Downtown Aspen to see a second one-way street

As the former Crystal Palace dinner theater goes under construction to make way for a new boutique hotel, the city will convert Hyman Avenue and Mill Street into a one-way street.

The one-way thoroughfare will begin at Hyman and end at Mill and Hopkins Avenue, where there will be a four-way stop, City Engineer Trish Aragon said.

“We feel this is the safest solution for all modes of transportation,” she said Monday, adding that construction is expected to last at least 18 months.

The change is necessary so braces can hold up the historic walls of the building, located at the corner of Monarch Street and Hyman Avenue.

The construction project will occupy 13 parking spaces around the site, as well as a traffic lane on Hyman, the corner of Monarch and Hyman and the loading zone and sidewalk on Monarch Street.

Because the northwest corner of Hyman and Monarch will be part of the construction site, the Hunter Creek bus cannot make the turning radius it needs and will be rerouted to Aspen Street and then onto Hyman.

The developer behind the project, Mark Hunt, is awaiting a building permit. Construction is expected to begin this spring.

The portions of the building that are the original historic material — the ground-floor level of the western brick wall and the Owl Cigar mural — will remain in place during the construction process.

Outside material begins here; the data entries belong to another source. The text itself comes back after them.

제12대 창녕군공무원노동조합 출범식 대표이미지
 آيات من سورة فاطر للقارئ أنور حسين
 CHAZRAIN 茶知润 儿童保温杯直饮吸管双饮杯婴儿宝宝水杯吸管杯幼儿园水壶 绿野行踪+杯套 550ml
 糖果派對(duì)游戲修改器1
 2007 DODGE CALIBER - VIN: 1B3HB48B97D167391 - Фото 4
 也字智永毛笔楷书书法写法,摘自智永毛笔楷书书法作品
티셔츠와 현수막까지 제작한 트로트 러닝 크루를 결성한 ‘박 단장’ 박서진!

The original portion of the 300 E. Hyman Ave. building will undergo a reconstruction using available historic photographs to guide the process, according to city staff.

A 26-foot-deep basement will be excavated on the site, and the development will include two full stories and a recessed third story across the 9,000-square-foot lot.

Hunt received approval from the city in 2018 for the project. Among Hunt’s plans for the space are 16 rooms on the upper floors and a 4,950-square-foot restaurant and kitchen on the ground-floor level. The lower level calls for a fitness center, restrooms, locker areas and a guest lounge, according to the land-use approval.

Fourteen of the guest rooms are planned to be on the building’s second floor, averaging nearly 500 square feet, and two suites would be located on a third floor that would include an outdoor pool, cabana and service bar.

The project encompasses two addresses: The two-level Crystal Palace building is located at 300 E. Hyman Ave., next to a one-story building at 312 E. Hyman Ave., which Hunt bought for $12.5 million in September 2013.

Aragon said the one-way street route will return to two-way traffic after the construction project is over, unless council and the public would like the change to be permanent.

The city made Galena Street and Cooper Avenue one way from Hopkins Avenue to Hunter in the mid 2000s first as an experiment, which then became a permanent change.